MOSCOW (MRC) -- In November 2021, more residual fuel oil was consumed in the US, measured as product supplied, than during any month since January 2017, according to Hydrocarbonprocessing with reference to the International Energy Agency (IEA).
Residual fuel oil has several uses, but it is primarily consumed as bunker fuel in the maritime shipping sector. Consumption in December 2021 was at its highest end-of-year level since 2012, according to the EIA's weekly petroleum status report.
On January 1, 2020, tighter regulations from the International Maritime Organization (IMO) on maritime fuel sulfur specifications became effective. Before 2020, marine fuel could have a sulfur content as high as 3.5%, which is considered high-sulfur fuel oil. The IMO now requires ships to switch to fuels with a 0.5% sulfur content or less, forcing ships to use a more processed, and more expensive, variety of residual fuel oil called very-low-sulfur fuel oil.
Ships comply with the IMO specification as long as their actual emissions meet the target sulfur emissions level, regardless of the specification of the fuel they use. Ship owners can install sulfur scrubbers on board to reduce sulfur emissions while still consuming high-sulfur fuel oil and remain compliant. Ship scrubbers are expensive and require ongoing maintenance, but vessels can lower operating costs by purchasing high-sulfur fuel oil instead of higher-priced very-low-sulfur fuel oil or low-sulfur marine gas oil.
The IMO regulation applies to global shipping. Marine vessels operating within the North American or US Caribbean Sea Emission Control Areas were already required to meet 0.1% sulfur content while operating within those waters.
Since spring 2020, overall production of residual fuel oil has decreased because of substantially less refinery production resulting from the effects of the COVID-19 pandemic.
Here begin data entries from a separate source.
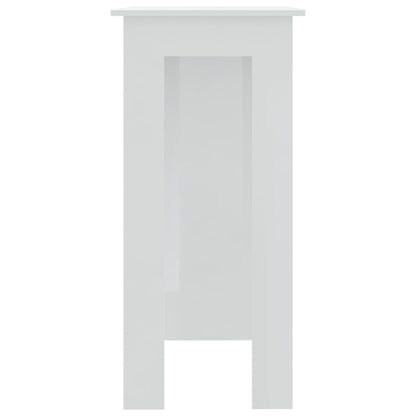 Bar Table with Shelf High Gloss White 102x50x103.5 cm Engineered Wood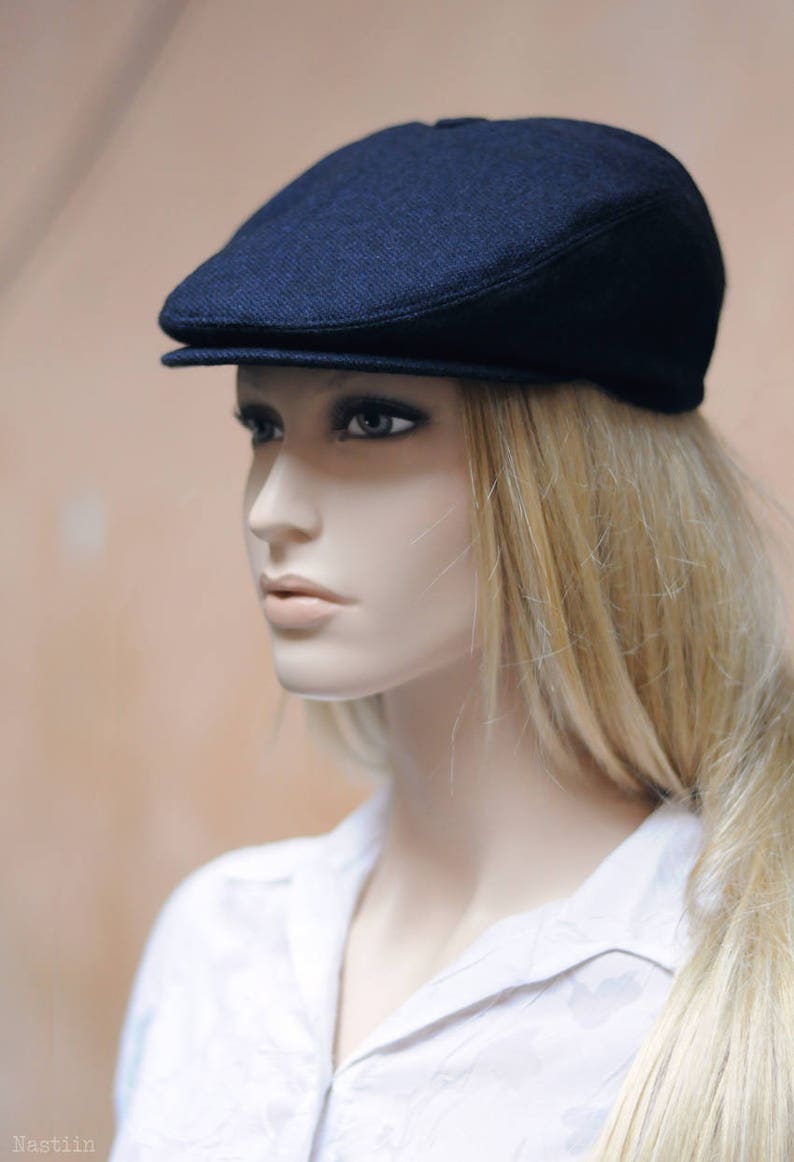 Navy Blue Wool Hat Blue Newsboy Cap Mens Newsboy Hat Navy Etsy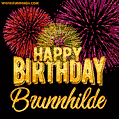 Wishing You A Happy Birthday, Brunnhilde! Best fireworks GIF animated greeting card.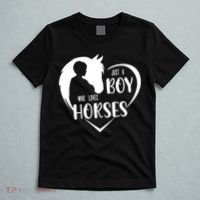 Just A Boy Who Loves Horses Boys Equestrian Horse Lover Gift T-Shirt thumb 5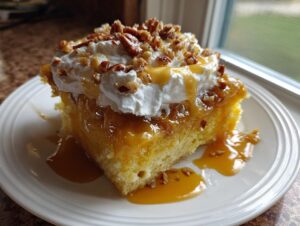 A close-up of a moist slice of butter pecan praline poke cake topped with whipped cream, caramel sauce, and chopped pecans.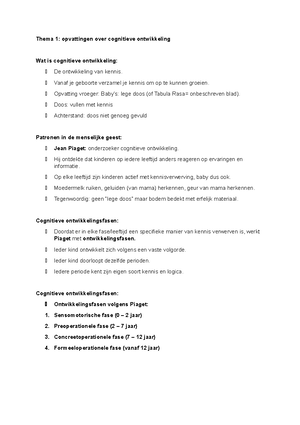 Thema 1 cognitieve ontwikkeling Thema 1 opvattingen over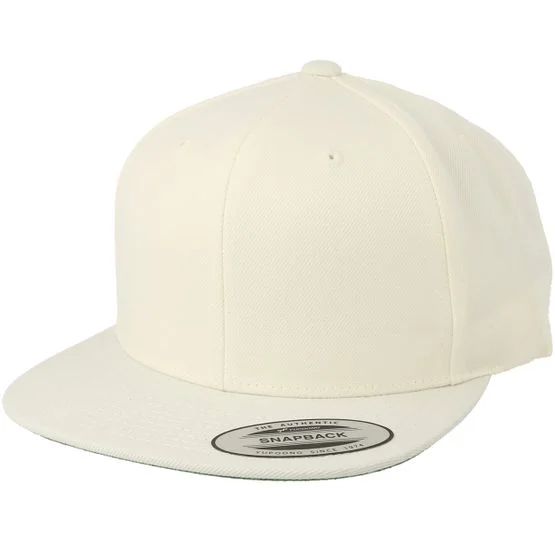 Yupoong - White snapback Caps - Natural Snapback @ Hatstore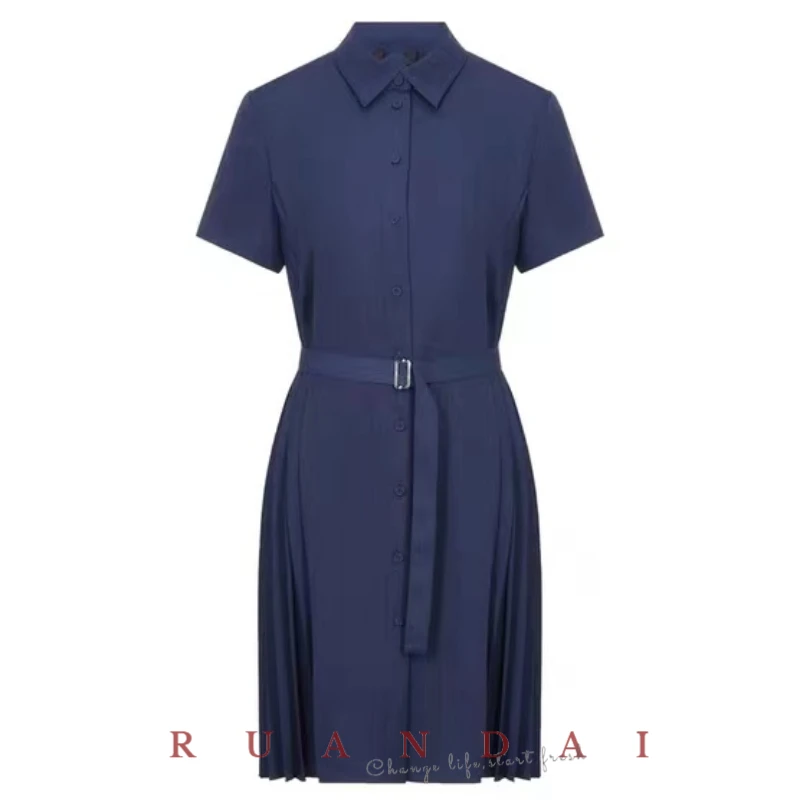 

Solid Color Short-sleeved A-line Dress for RUANDAI 2022 Summer New POLO Collar Thin Waist Single-breasted Belt Dress Female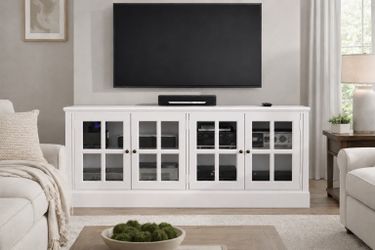 White Entertainment Center with Glass Doors – TV Console Cabinet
As MRC reported earlier, EIA forecasts that crude oil prices will fall in 2022 and 2023 from 2021 levels, according to its January 2022 Short-Term Energy Outlook (STEO). In the fourth quarter of 2021, the price of Brent crude oil, the international pricing benchmark, averaged USD79 per barrel (b). EIA forecasts that the price of Brent will average USD75/b in 2022 and USD68/b in 2023. The declining prices are driven by a shift from global petroleum inventory declines during 2021 to inventory increases in 2022 and 2023. Global petroleum inventories decline when consumption is greater than production and increase when production is greater than consumption.
We remind that oil supply will soon overtake demand as some producers are set to pump at or above all-time highs, said EIA, while demand holds up despite the spread of the Omicron coronavirus variant.